YOUR ASSIGNMENT => Please give the entries again in full and exactly, without any picture.

Stored records:
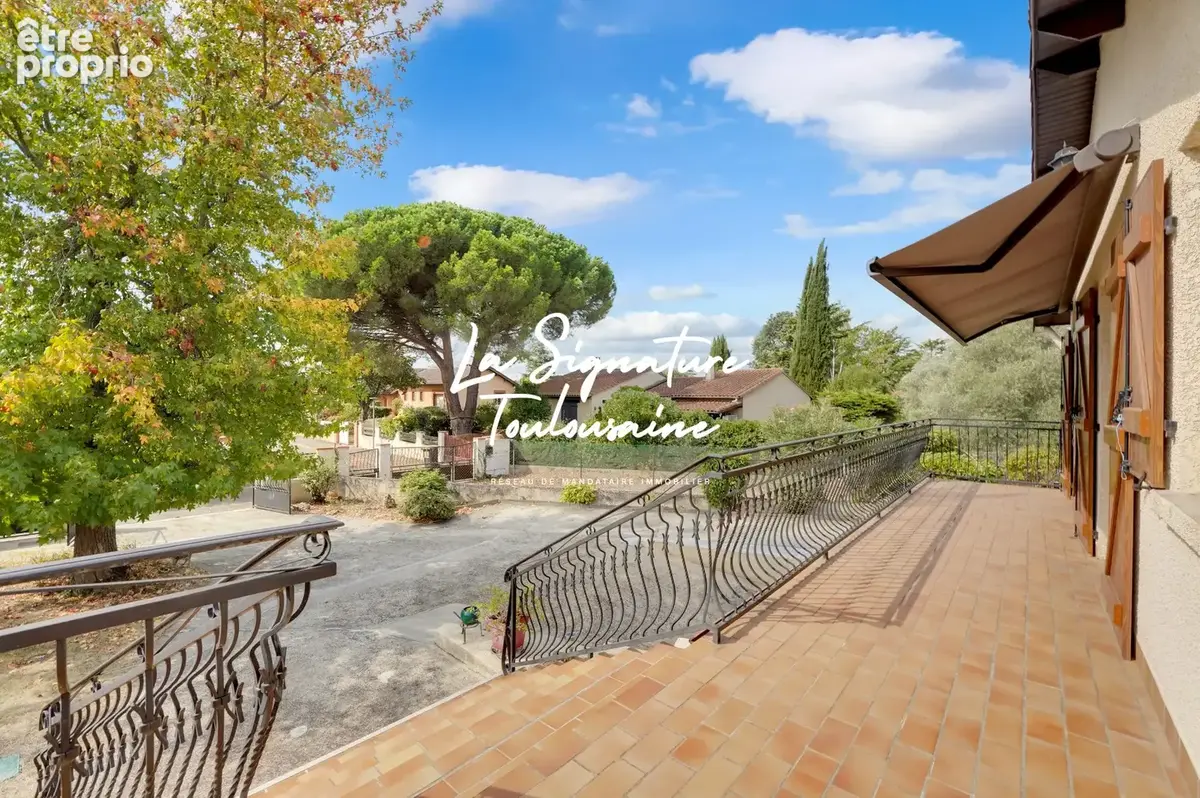Maison 10 pièces 220 m² à vendre à Villeneuve-Tolosane (31270) - photo 2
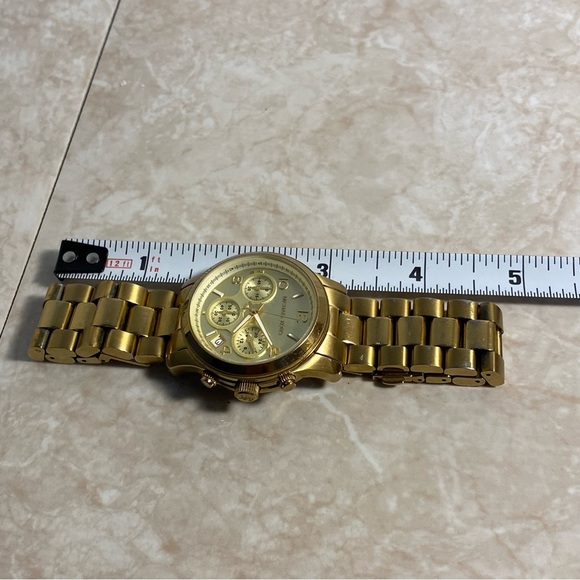 Michael Kors Golden Mid-Size Runway MK5055 Wrist Watch for Women main image 4
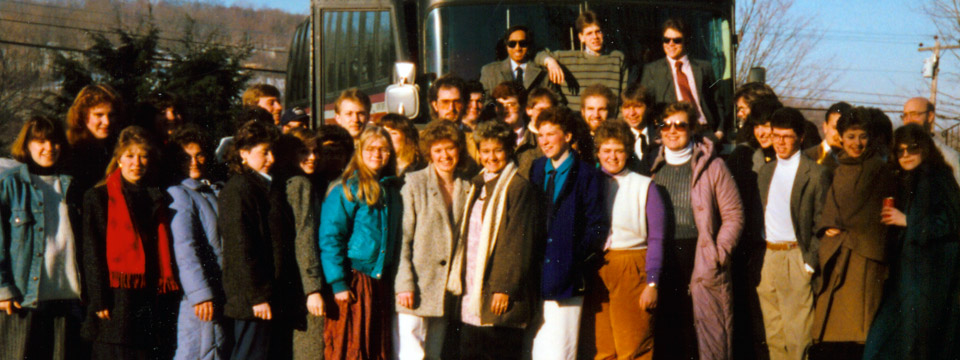 1987 choir at bus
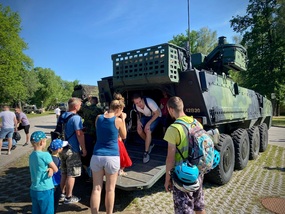 Nejen děti, ale i dospělí nakoukli dovnitř vojenské techniky.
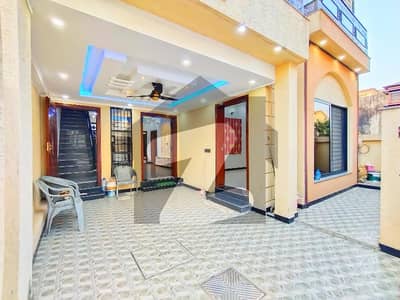 بحریہ ٹاؤن فیز 8 ۔ سفاری ویلی بحریہ ٹاؤن فیز 8,بحریہ ٹاؤن راولپنڈی,راولپنڈی میں 5 کمروں کا 7 مرلہ مکان 2.5 کروڑ میں برائے فروخت۔ بحریہ ٹاؤن فیز 8 ۔ سفاری ویلی بحریہ ٹاؤن فیز 8,بحریہ ٹاؤن راولپنڈی,راولپنڈی میں 5 کمروں کا 7 مرلہ مکان 2.5 کروڑ میں برائے فروخت۔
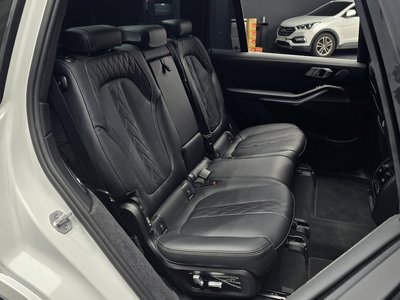 2025 BMW X7 缩略图 16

OUTPUT BELOW =>
Maison 10 pièces 220 m² à vendre à Villeneuve-Tolosane (31270) - photo 2
 Michael Kors Golden Mid-Size Runway MK5055 Wrist Watch for Women main image 4
 1987 choir at bus
 Nejen děti, ale i dospělí nakoukli dovnitř vojenské techniky.
 بحریہ ٹاؤن فیز 8 ۔ سفاری ویلی بحریہ ٹاؤن فیز 8,بحریہ ٹاؤن راولپنڈی,راولپنڈی میں 5 کمروں کا 7 مرلہ مکان 2.5 کروڑ میں برائے فروخت۔ بحریہ ٹاؤن فیز 8 ۔ سفاری ویلی بحریہ ٹاؤن فیز 8,بحریہ ٹاؤن راولپنڈی,راولپنڈی میں 5 کمروں کا 7 مرلہ مکان 2.5 کروڑ میں برائے فروخت۔
 2025 BMW X7 缩略图 16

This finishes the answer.